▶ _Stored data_

*** Block opens ***

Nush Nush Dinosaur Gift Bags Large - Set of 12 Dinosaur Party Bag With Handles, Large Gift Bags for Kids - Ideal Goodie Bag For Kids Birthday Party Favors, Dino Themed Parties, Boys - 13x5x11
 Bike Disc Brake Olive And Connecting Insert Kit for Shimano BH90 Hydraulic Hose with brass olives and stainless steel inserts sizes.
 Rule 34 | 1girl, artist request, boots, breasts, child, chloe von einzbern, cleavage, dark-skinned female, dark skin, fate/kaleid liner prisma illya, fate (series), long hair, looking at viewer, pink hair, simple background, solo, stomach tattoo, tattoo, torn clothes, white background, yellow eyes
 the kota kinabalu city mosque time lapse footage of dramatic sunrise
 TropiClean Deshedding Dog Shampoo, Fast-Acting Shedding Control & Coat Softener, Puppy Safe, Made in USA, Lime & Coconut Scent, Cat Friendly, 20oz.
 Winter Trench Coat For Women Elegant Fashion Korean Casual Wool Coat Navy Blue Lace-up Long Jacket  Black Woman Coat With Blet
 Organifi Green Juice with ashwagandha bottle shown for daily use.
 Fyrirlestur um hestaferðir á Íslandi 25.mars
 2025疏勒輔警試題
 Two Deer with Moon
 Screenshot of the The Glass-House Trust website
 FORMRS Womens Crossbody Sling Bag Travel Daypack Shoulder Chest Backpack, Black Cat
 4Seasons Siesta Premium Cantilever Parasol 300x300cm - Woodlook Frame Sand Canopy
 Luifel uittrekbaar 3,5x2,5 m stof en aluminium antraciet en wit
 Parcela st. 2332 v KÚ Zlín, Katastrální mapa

*** Block closes ***

▶ _HOW TO COMPLETE THIS TASK_
Retype the records above from the very first line down to the line with "Bike Disc Brake", keeping both of those lines. Include nothing beyond them.

▶ _SOLUTION TO THIS PROBLEM_
Nush Nush Dinosaur Gift Bags Large - Set of 12 Dinosaur Party Bag With Handles, Large Gift Bags for Kids - Ideal Goodie Bag For Kids Birthday Party Favors, Dino Themed Parties, Boys - 13x5x11
 Bike Disc Brake Olive And Connecting Insert Kit for Shimano BH90 Hydraulic Hose with brass olives and stainless steel inserts sizes.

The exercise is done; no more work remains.